Chevron, the US-based oil major, suffered a setback in its effort to start seeking shale gas in Romania, after several hundred protesters descended on the entrance of its survey site in Eastern Romania.
According to Mediafax newswire, some 500 protesters gathered for a third day in a row outside the locality of Silistea, in Vaslui County. They attempted to block the access of equipment on the piece of land where Chevron plans to place its first exploration rig.
Radu Renga, the prefect of Vaslui County, sent over 200 gendarmes in the locality to displace protesters, arguing he follows the rule of law. Two protesters fainted during clashes with the police force and several others were able to breach the checkpoint of the gendarmes and get into Chevron’s site.

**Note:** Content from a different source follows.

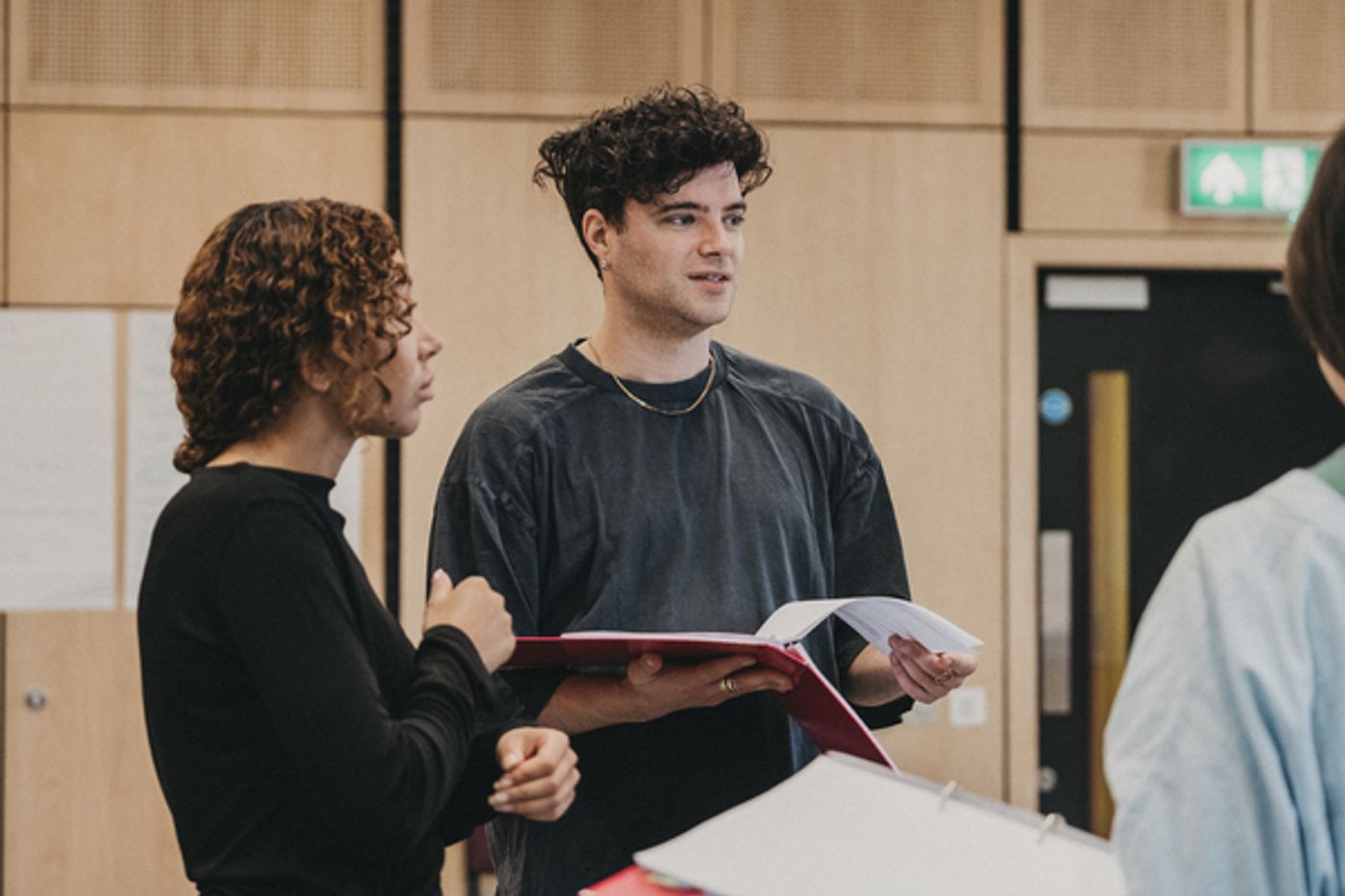 Photos: Inside Rehearsal For MY UNCLE IS NOT PABLO ESCOBAR at Brixton House Photos: Inside Rehearsal For MY UNCLE IS NOT PABLO ESCOBAR at Brixton House Image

Chevron pulled out his specialists from the exploration site since Monday, when people took to the streets. People expressing their anger at the company were joined the next day by four priests.

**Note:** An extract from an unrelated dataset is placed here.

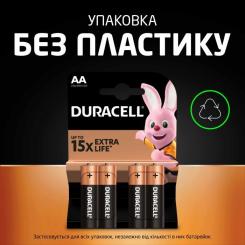 Батарейка Duracell AA лужні 18 шт. в упаковці Фото 6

The oil major is the first betting on Romanian shale gas, controlling four concessions in the Moldova and Dobrogea regions. Energy specialists and policy makers say that explorations works take at least three years.
The Ministry of Environment said in a statement this May that shale gas explorations don’t involve fracking, the technique of pumping a mix of water, sand and chemical at high pressure underground to crack shale formations. Environmentalists claim fracking pollutes underground water sources and produces earthquakes.
Chevron is currently working to get the full permitting on three more perimeters in Vaslui County.
The government had put an informal ban of shale gas last year, which was lifted this year after PM Ponta argued that shale gas developments compliant with EU environmental standards contribute to Romania’s energy security.
The PM said shale gas is one of the avenues that can help the country cut its reliance on expensive Russian gas imports, along with offshore gas and oil.
The US Energy Information Administration said in a report published this June that Romania has enough shale gas for 100 years.
The EU Parliament proposed last week tighter environmental standards for new shale gas projects, in the face of growing concerns over fracking.
France, Bulgaria and the Netherlands are some of the EU members that banned shale gas developments.